When I was there, a young stationery aficionado wandering around, I discovered Seyes ruled notebooks. Having never encountered them before at that time, I stocked up on a few, and I still have one left today!

The paper quality, however, is no Clairefontaine (and that’s being generous…).

9 thoughts on “How to Use Seyes or French Ruling for Handwriting

  1. Mark

    I picked up the larger notebook today, and started in on lettering. I’d been using the KB4 notebooks, which help with vertical sizing, but these lines are even more helpful. You’re right about using a fine nib, though. I’m using an inherited Montblanc 146 with a fine nib, and to be honest, I had been ignoring it because I generally don’t like fine nibs. This book, however, has given the pen new purpose. Everything looks pretty scratchy right now, but in a few weeks I’m sure my hand will have improved with fine nibs. I’m hoping the practice with the fine nib will also help to improve my handwriting with the medium and broad nibs. Thanks for the helpful post!

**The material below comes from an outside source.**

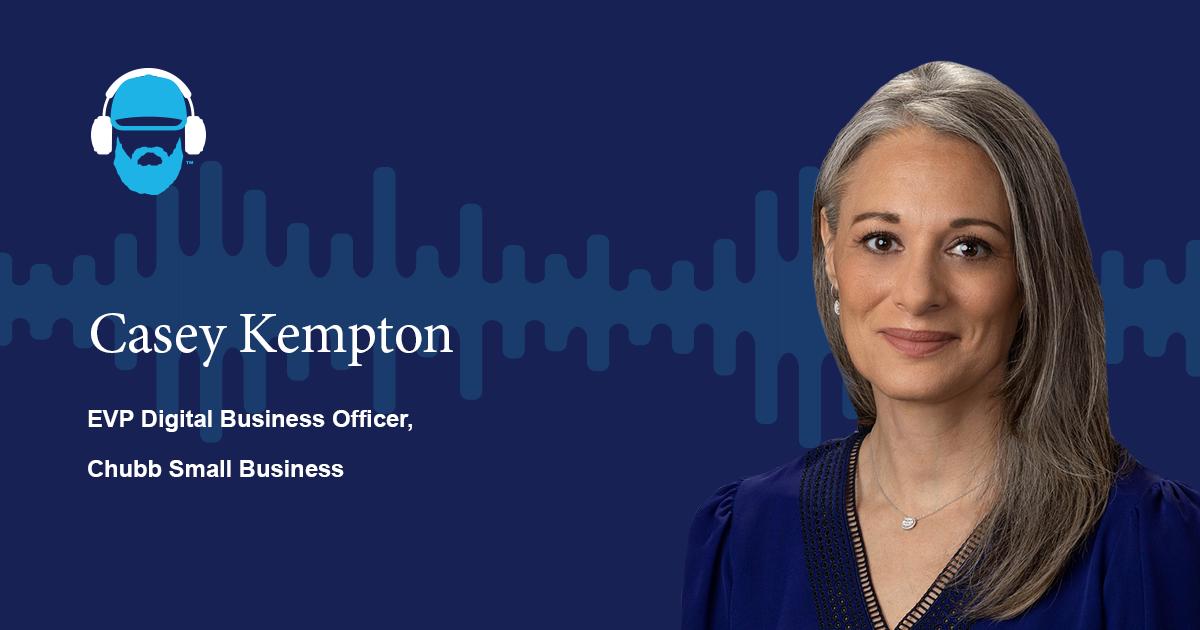 In the Hot Seat with Casey Kempton The Insurance Technology Podcast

    1. Wonder Pens Post author

      Thanks for reading!

      I’m glad to hear you’re finding the lines helpful! My writing has also become much more consistent now that I’ve spent some time working on it with these lines. And I’m glad to hear you’re also breaking out pens that have been taking a back seat – maybe you’ll find you like the fine lines after all??

      1. markbee

        I certainly hope I’ll come around to enjoying fine nibs more. Of course, the more practice I get with F nibs, the more I’ll enjoy them. I also started to notice that I can use a fine to grade with because the paper my students use sucks up ink, and makes the fine feel more like a broad! So now I’ve got fine and medium nibs for marking, broads for my daily use, and a 1.1mm on my Edison for letter writing. Who knew I’d need (need? hehe yes, need) so many different pens and inks!

  2. CT Henricks

    “When I was in college I spent some time teaching in Madagascar, an island country off the west coast of Africa.”


    Wikipedia locates it off the southeast coast, and that is where it was when I was in grade school (am 70 now).

  3. daniel

    “Madagascar was previously a French colony, and like Canada, they still have much of the vestiges of French language and culture around.”
    That is an unfortunate turn of phrase. The language I speak, write and read every day, like a lot of people in Canada, is not a vestige of anything. It’s a living language and culture which have their own existence.

    1. Wonder Pens Post author

      Thanks for reading!

      I completely agree that Canadian culture and its languages are unique and change everyday with the people and communities that are here.

      I also agree with the fact that many Canadians speak French or English everyday, and that these two languages and cultures are in many ways very different from the original France French or British English that colonized parts of this country.

      In this way, Canadian French culture has some vestiges of France French colonialism and culture, mixed with a bit of British English culture and everything else that is here in Canada, but as you say, has its own existence.

      I think what I was trying to say is that Madagascar has adopted and adapted the French language along with and into its own Malagasy language, but still has some vestiges of French culture from colonization, for example, in using these “French-ruled” notebooks.